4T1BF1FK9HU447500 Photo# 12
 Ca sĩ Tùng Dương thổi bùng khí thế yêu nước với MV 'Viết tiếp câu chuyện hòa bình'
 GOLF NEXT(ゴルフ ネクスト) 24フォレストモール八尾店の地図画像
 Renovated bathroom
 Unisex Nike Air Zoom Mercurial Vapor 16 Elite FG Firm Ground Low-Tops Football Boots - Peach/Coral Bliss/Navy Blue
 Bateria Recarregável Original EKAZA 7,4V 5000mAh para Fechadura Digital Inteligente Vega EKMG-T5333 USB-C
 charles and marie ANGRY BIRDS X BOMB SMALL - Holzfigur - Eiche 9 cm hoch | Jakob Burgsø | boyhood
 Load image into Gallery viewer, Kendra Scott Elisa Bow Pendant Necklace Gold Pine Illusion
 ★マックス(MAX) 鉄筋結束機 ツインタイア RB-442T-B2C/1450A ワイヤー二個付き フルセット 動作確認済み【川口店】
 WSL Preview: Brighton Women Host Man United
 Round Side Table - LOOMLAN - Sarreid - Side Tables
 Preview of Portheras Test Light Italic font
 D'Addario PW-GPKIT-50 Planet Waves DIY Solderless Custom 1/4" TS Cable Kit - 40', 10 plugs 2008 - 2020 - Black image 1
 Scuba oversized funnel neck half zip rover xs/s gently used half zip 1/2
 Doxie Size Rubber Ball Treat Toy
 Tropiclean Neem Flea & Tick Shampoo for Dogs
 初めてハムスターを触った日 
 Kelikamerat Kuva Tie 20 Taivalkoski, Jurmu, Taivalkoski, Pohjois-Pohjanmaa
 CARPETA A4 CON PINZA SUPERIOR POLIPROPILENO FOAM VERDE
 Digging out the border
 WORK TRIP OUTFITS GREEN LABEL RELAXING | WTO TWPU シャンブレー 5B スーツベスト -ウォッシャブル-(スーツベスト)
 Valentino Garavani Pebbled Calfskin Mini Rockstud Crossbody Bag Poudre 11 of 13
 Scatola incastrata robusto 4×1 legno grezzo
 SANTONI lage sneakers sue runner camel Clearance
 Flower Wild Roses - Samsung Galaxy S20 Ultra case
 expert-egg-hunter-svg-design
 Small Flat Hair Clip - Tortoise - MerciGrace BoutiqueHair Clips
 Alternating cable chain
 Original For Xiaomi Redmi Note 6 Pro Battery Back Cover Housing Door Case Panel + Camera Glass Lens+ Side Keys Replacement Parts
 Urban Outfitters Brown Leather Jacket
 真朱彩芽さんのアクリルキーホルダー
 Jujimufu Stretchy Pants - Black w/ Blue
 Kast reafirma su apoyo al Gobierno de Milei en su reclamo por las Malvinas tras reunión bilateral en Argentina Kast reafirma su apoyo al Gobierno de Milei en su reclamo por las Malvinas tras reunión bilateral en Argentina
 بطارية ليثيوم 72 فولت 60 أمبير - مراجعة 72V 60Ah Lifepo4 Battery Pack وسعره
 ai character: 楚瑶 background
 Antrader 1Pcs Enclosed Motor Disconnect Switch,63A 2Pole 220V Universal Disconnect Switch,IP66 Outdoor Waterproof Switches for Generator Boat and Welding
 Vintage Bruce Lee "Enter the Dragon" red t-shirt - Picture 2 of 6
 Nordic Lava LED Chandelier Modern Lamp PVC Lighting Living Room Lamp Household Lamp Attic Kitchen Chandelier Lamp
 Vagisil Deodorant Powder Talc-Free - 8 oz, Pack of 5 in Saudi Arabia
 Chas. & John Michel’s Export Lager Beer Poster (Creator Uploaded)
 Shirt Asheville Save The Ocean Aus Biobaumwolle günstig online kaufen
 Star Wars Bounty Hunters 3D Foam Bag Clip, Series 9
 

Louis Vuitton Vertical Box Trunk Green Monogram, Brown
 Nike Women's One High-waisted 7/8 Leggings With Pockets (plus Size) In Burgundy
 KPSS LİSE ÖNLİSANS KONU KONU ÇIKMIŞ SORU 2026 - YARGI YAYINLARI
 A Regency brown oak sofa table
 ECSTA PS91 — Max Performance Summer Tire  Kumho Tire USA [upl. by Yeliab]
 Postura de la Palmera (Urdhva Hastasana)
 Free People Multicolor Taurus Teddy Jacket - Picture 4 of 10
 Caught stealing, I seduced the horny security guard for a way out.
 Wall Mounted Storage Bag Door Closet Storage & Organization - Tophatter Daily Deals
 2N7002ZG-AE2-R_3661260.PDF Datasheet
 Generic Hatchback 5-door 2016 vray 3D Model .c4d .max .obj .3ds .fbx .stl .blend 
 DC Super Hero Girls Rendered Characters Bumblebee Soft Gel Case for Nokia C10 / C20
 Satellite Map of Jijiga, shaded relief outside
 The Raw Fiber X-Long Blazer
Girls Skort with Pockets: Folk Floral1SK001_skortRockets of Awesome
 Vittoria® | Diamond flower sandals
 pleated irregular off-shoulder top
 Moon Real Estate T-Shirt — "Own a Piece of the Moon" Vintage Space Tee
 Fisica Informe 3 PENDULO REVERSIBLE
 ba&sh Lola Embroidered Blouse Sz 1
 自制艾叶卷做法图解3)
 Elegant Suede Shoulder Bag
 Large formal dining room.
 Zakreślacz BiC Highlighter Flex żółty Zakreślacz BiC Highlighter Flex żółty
= = = = =
• Exercise description:
For each line in the data above that contains the string "Free", extract the line.

• Answer section:
 Vagisil Deodorant Powder Talc-Free - 8 oz, Pack of 5 in Saudi Arabia
 Free People Multicolor Taurus Teddy Jacket - Picture 4 of 10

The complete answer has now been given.